# a space $\mathnormal{X}$ is Hausdorff if and only if $\Delta(X)$ is closed

###### Theorem.

A space $X$ is Hausdorff if and only if

 $\{(x,x)\in X\times X\mid x\in X\}$

is closed in $X\times X$ under the product topology.

###### Proof.

First, some preliminaries: Recall that the diagonal map $\Delta\colon\thinspace X\to X\times X$ is defined as $x\lx@stackrel{{\scriptstyle\Delta}}{{\longmapsto}}(x,x)$. Also recall that in a topology generated by a basis (like the product topology), a set $Y$ is open if and only if, for every point $y\in Y$, there’s a basis element $B$ with $y\in B\subset Y$. Basis elements for $X\times X$ have the form $U\times V$ where $U,V$ are open sets in $X$.

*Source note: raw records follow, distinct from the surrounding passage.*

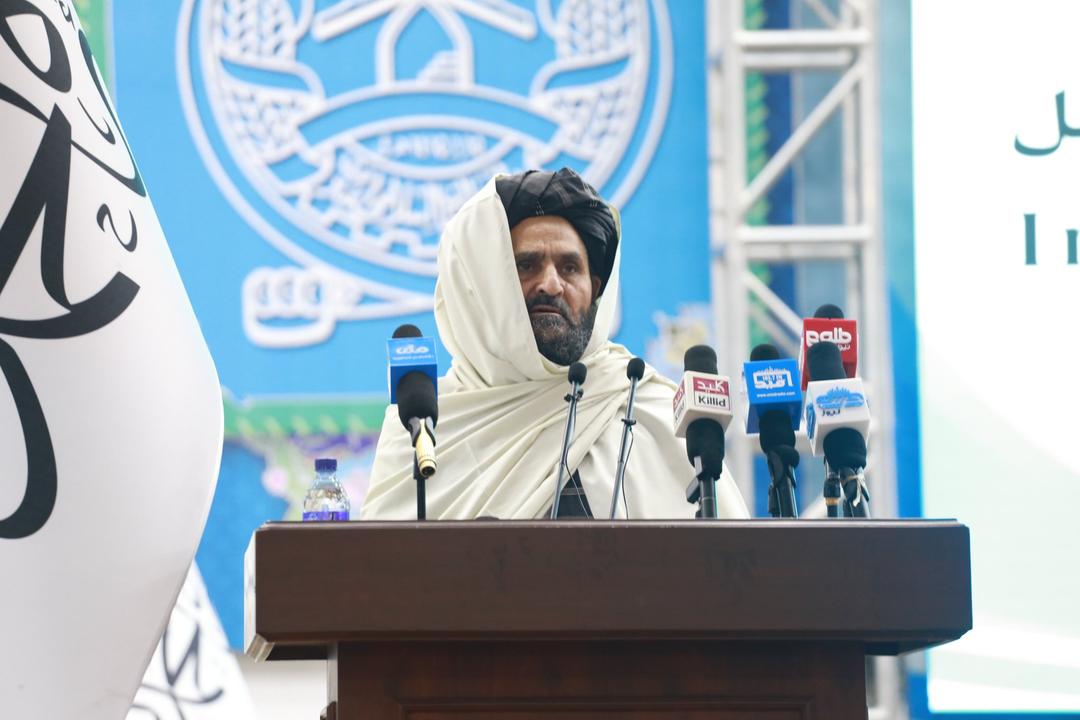 اختلاف در نشر تصویر زنده‌جان؛ ندیم از نشست آب در کابل صدا منتشر کرد اما ملا برادر تصویر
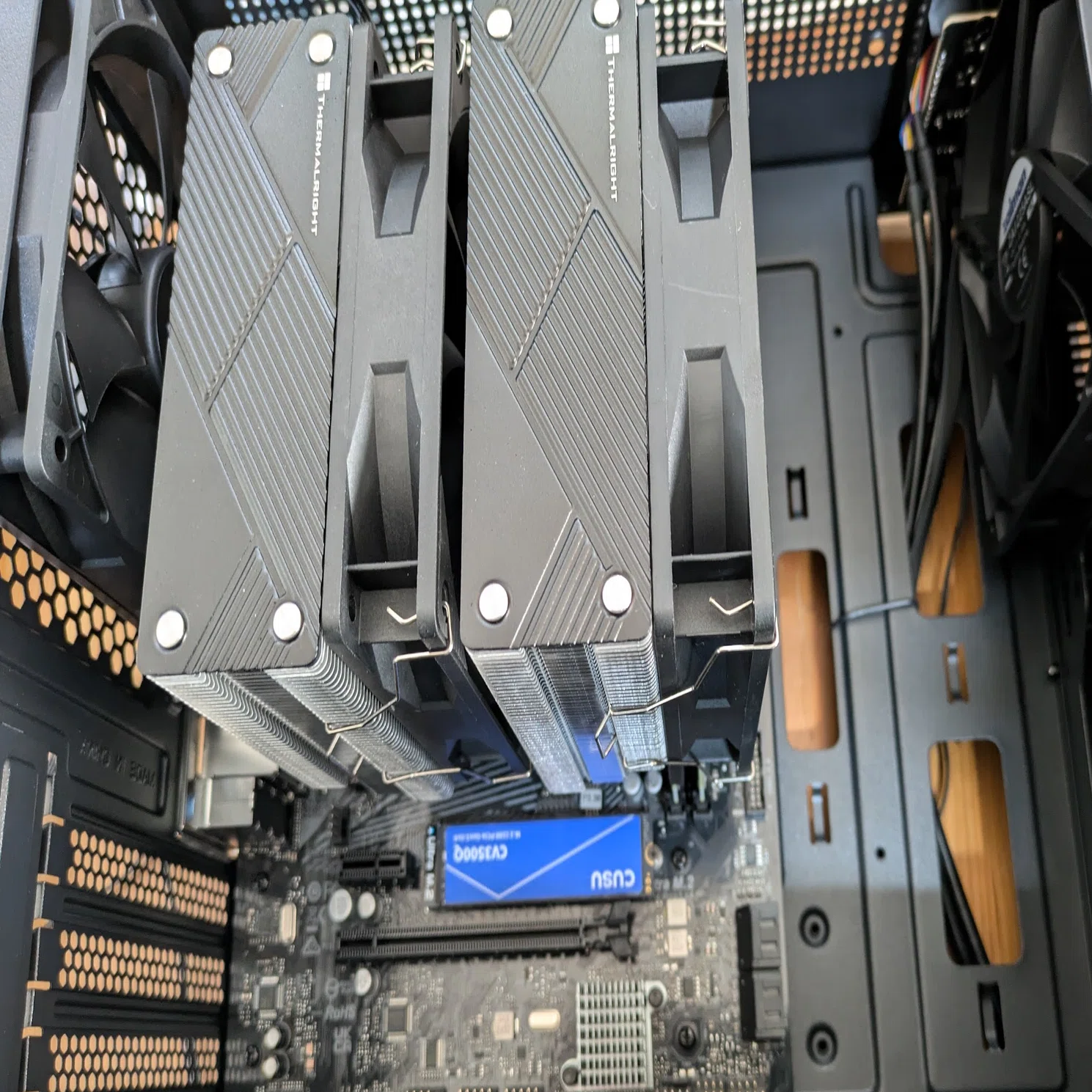 中途半端に安くPCを組み立てる｜ねりうに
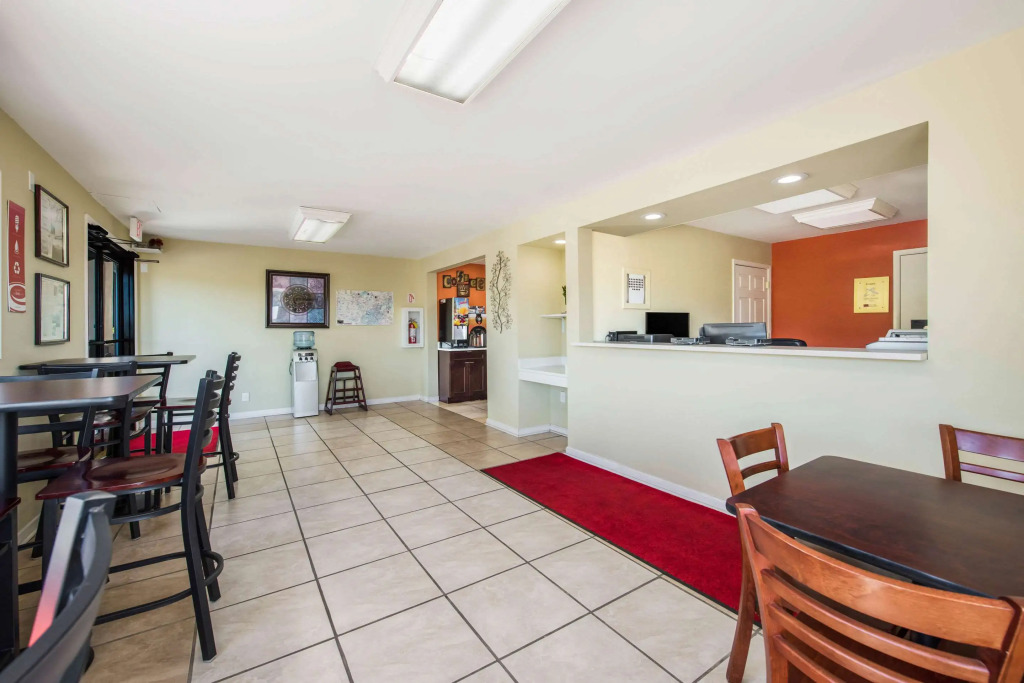 Econo Lodge Waynesville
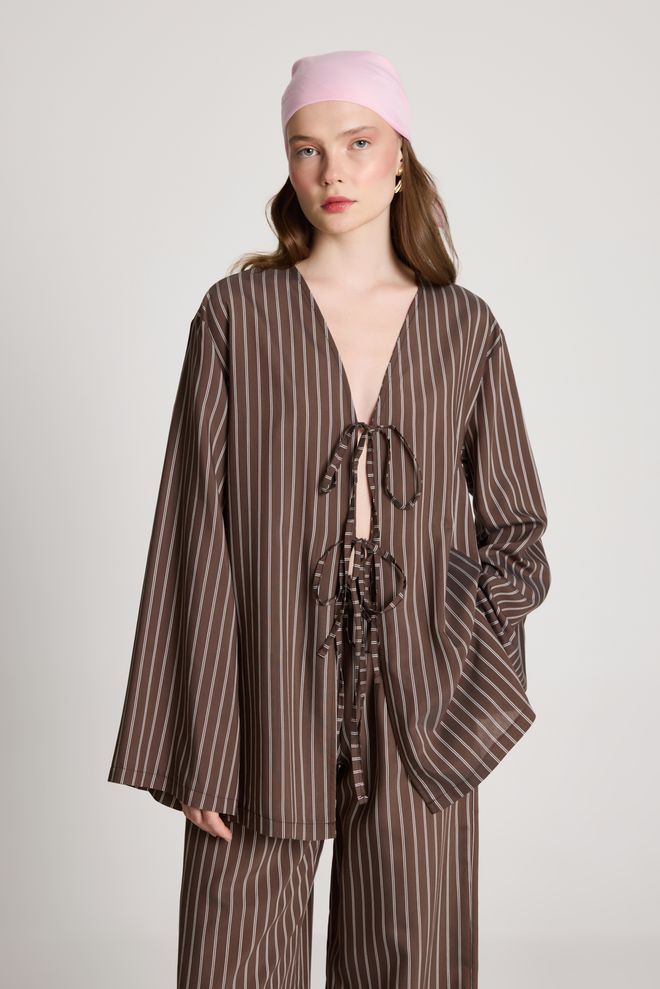 First Angels Fato Casual Castanho Às Riscas Oversize Roupas por atacado 5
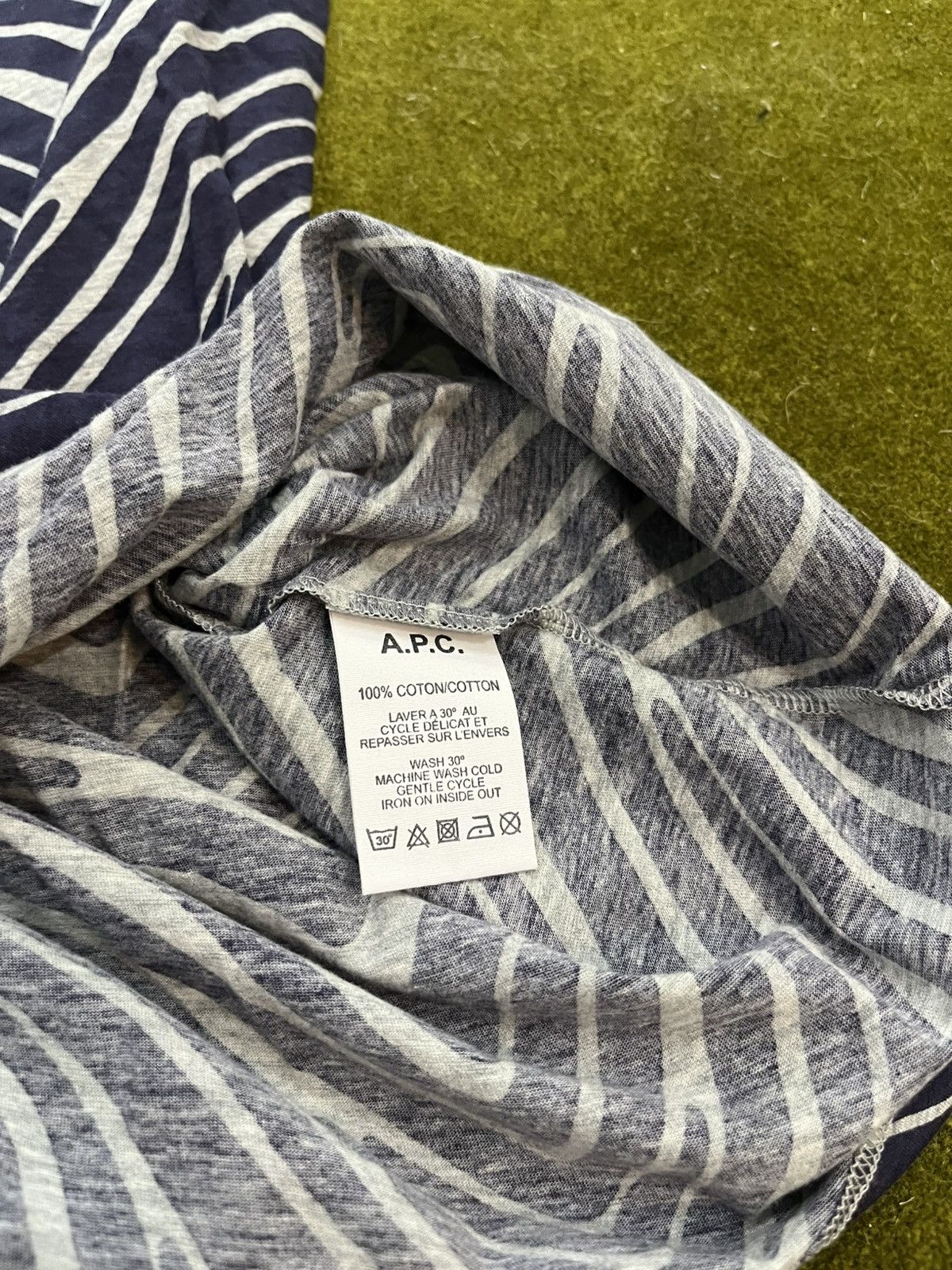 A.P.C. APC - Wavy striped T-Shirt - size XL Size US XL / EU 56 / 4 - 4 Thumbnail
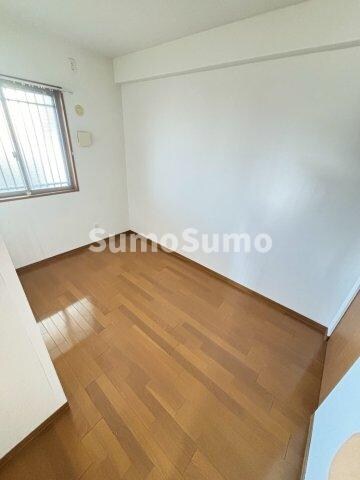 物件内観写真10　(リビングです)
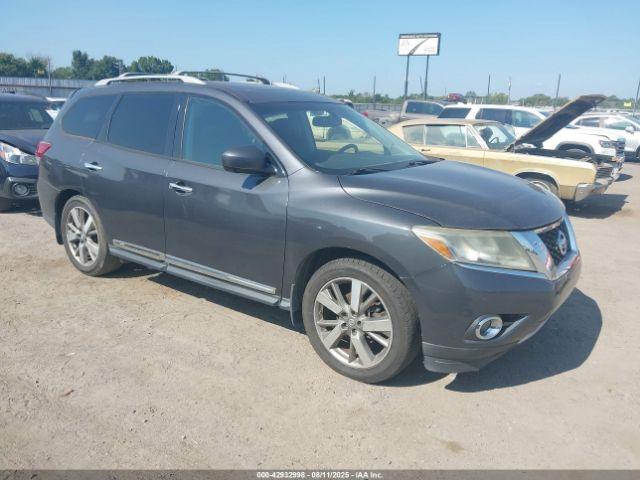  Salvage Nissan Pathfinder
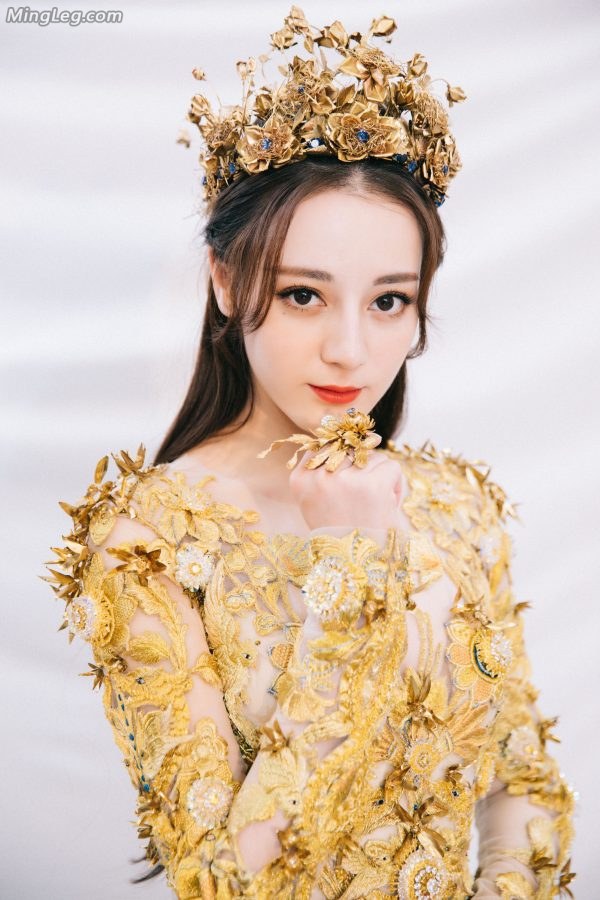 金鹰女神迪丽热巴请收下我的膝盖(6/14)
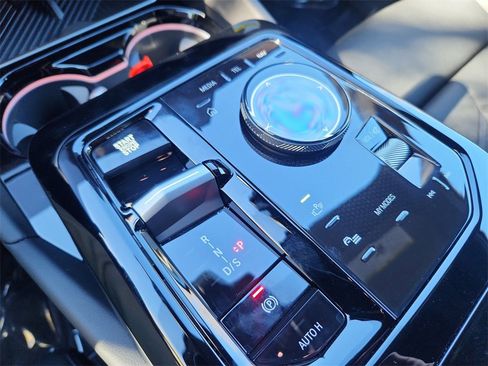 New 2026 BMW 540i xDrive w/ M Sport Package image 23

Now, suppose that $X$ is Hausdorff. We’d like to show its image under $\Delta$ is closed. We can do that by showing that its complement $\Delta(X)^{c}$ is open. $\Delta(X)$ consists of points with equal coordinates, so $\Delta(X)^{c}$ consists of points $(x,y)$ with $x$ and $y$ distinct.

For any $(x,y)\in\Delta(X)^{c}$, the Hausdorff condition gives us disjoint open $U,V\subset X$ with $x\in U,y\in V$. Then $U\times V$ is a basis element containing $(x,y)$. $U$ and $V$ have no points in common, so $U\times V$ contains nothing in the image of the diagonal map: $U\times V$ is contained in $\Delta(X)^{c}$. So $\Delta(X)^{c}$ is open, making $\Delta(X)$ closed.

Now let’s suppose $\Delta(X)$ is closed. Then $\Delta(X)^{c}$ is open. Given any $(x,y)\in\Delta(X)^{c}$, there’s a basis element $U\times V$ with $(x,y)\in U\times V\subset\Delta(X)^{c}$. $U\times V$ lying in $\Delta(X)^{c}$ implies that $U$ and $V$ are disjoint.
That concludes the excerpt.